- **WORK INSTRUCTION**
All that is needed is the run of lines from the top of the entries to the line with "PA license plate MRL3649", that line included, repeated exactly and free of pictures.

[Short web captions]
== Segment start ==

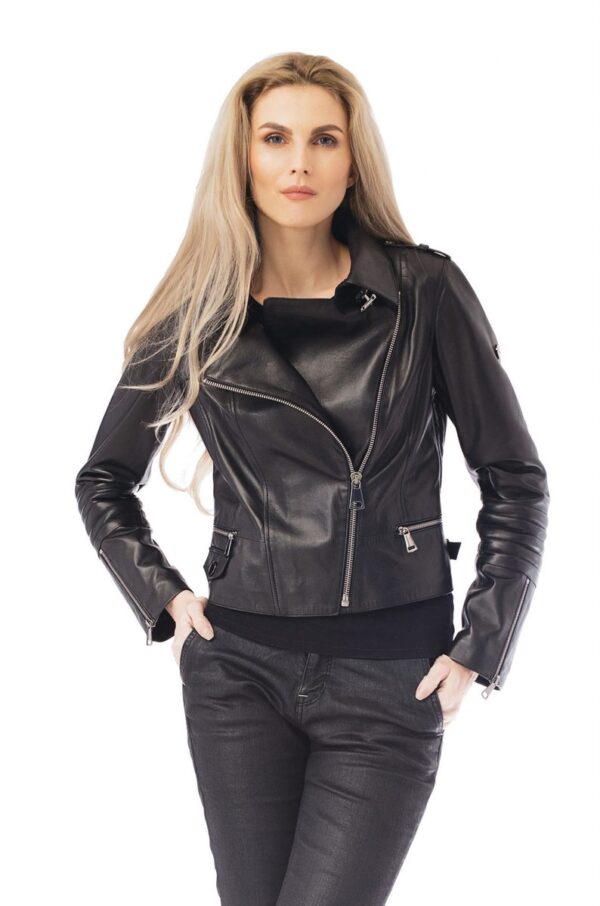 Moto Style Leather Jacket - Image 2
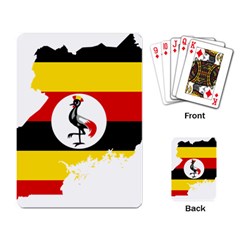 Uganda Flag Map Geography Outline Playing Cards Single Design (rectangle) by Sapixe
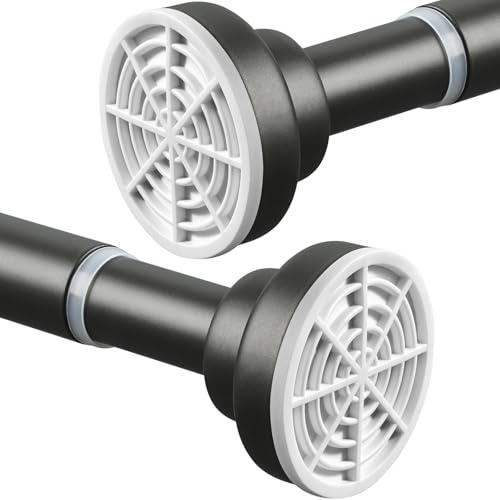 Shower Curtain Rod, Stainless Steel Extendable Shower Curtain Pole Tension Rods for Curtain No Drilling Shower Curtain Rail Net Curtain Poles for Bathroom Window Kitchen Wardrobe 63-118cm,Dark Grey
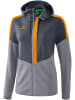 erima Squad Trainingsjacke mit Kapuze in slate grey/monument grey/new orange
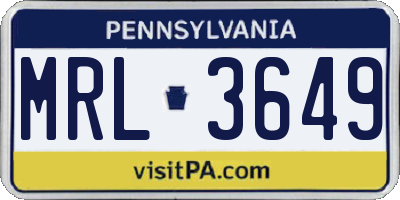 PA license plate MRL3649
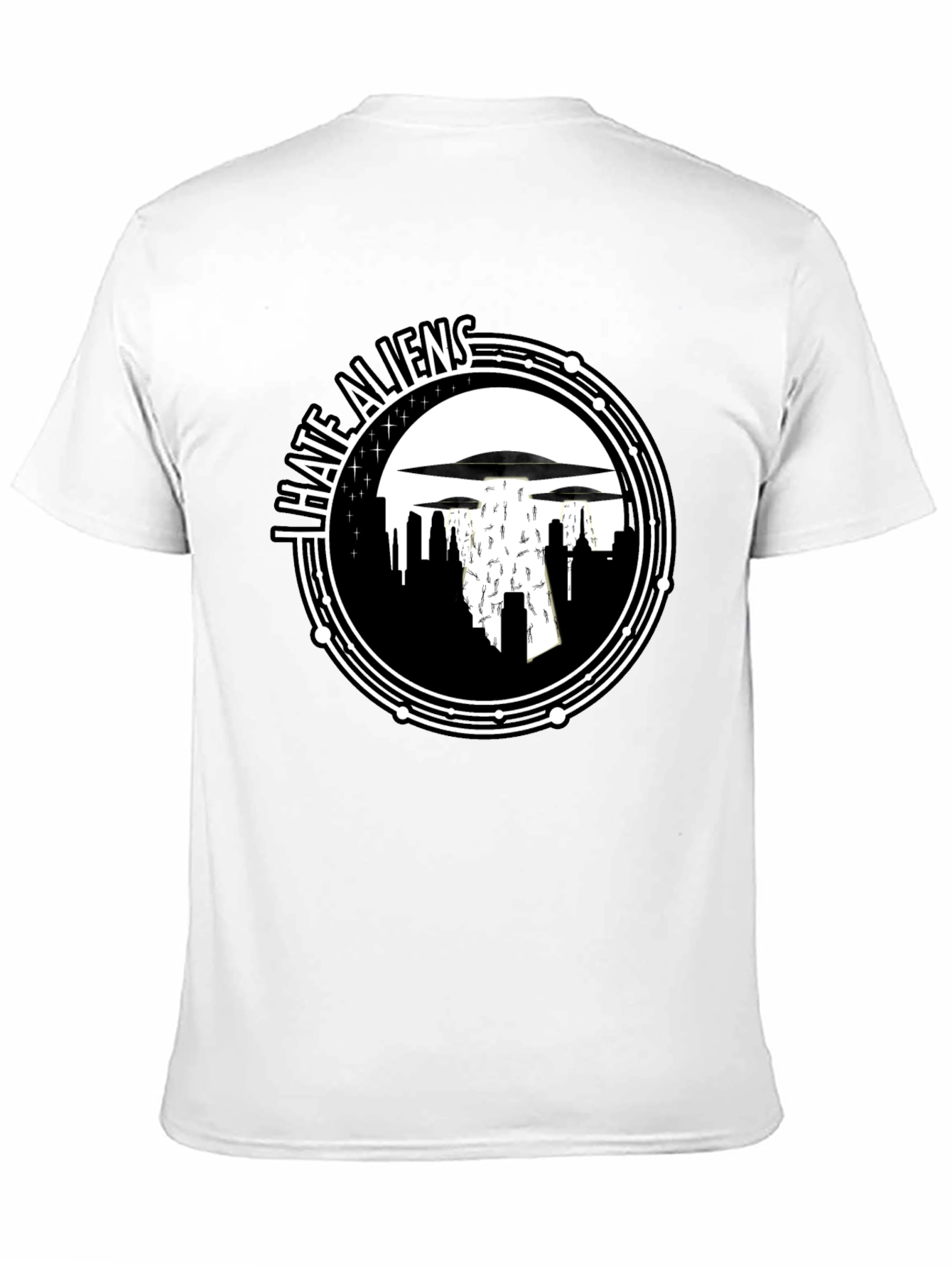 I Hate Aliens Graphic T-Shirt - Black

== Segment end ==

- **ANSWER TO THE EXERCISE**
 Moto Style Leather Jacket - Image 2
 Uganda Flag Map Geography Outline Playing Cards Single Design (rectangle) by Sapixe
 Shower Curtain Rod, Stainless Steel Extendable Shower Curtain Pole Tension Rods for Curtain No Drilling Shower Curtain Rail Net Curtain Poles for Bathroom Window Kitchen Wardrobe 63-118cm,Dark Grey
 erima Squad Trainingsjacke mit Kapuze in slate grey/monument grey/new orange
 PA license plate MRL3649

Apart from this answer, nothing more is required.